With supercharged hurricanes, massive floods and unprecedented wildfires sweeping the globe, it’s well past time for asset managers to start doing the right thing, said Felix Goltz, a member of the EDHEC-Scientific Beta research chair that compiled the study. But when one digs into how most of the largest climate funds are truly invested, one finds very few differences relative to major market benchmarks like the Standard & Poor’s 500, he said.
“Even though investors and managers communicate extensively about the use of climate data to construct their portfolios, these data points represent at most 12% of the determinants of portfolio stock weights on average,” Goltz said.
Looked at another way, this means that 88% of what guides a climate fund is what you’d find behind any other, non-green investment.
Questions about exaggerated claims abound, since the vast majority of funds claiming adherence to net-zero investment strategies are subject to “large and obvious greenwashing risks,” Goltz said.

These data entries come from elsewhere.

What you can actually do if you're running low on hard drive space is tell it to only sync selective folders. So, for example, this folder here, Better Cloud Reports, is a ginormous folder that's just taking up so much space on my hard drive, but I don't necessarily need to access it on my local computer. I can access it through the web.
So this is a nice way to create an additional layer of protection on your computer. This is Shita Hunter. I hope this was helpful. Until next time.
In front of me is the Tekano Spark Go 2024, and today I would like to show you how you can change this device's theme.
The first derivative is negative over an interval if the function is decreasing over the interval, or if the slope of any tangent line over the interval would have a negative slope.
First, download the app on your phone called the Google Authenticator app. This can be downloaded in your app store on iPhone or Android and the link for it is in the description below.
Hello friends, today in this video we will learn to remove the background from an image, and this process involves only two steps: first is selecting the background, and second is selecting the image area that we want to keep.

One of those risks is the temptation to game the system so as to earn better scores rather than truly make a difference. Money managers, along with regulators, should reassess the investment standards and practices in the area of climate alignment, Goltz said. Funds need to go beyond displaying the “green scores” of their portfolios and instead invest in stocks “in a way that provides incentives for companies to act on climate change.”....
....MUCH MORE
When a business/finance researcher uses language like "With supercharged hurricanes, massive floods and unprecedented wildfires sweeping the globe" you can tell he's a newbie to the science.
Just yesterday I was looking for hurricane data from the Roman Climatic Optimum and the Minoan Warm Period and the so-called paleotempestology gets pretty sparse at even 1200 years ago, much less 2000 and 3500.

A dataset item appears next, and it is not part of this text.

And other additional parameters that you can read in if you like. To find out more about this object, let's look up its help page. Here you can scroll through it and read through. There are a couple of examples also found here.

And that's just a moment ago in time. If we are looking back to previous interglacial periods what were the hurricanes like in the Eemian interglacial, 125,000 years ago? Or the one a quarter-million years ago? Or the interglacial a million years ago. And 50 million years ago? 500 million?
Just what are we comparing the present to when we make these sweeping statements?
We just went through an 11-year period 2006 - 2016 with zero cat 3 and above landfalling hurricanes hitting the U.S. Is that our baseline?
None of the coupled climate models had that happening. (Sandy wasn't much more than a giant tropical storm when it made its New Jersey landfall but throw in a landing at daily high tide and the full moon monthly high tide and Chris Christie walks President Obama to re-election)
The thing is, we just don't know what is "normal" and all we can do is hope that our recency bias doesn't lead us into some very dark (literally and politically) places as we feel our way forward.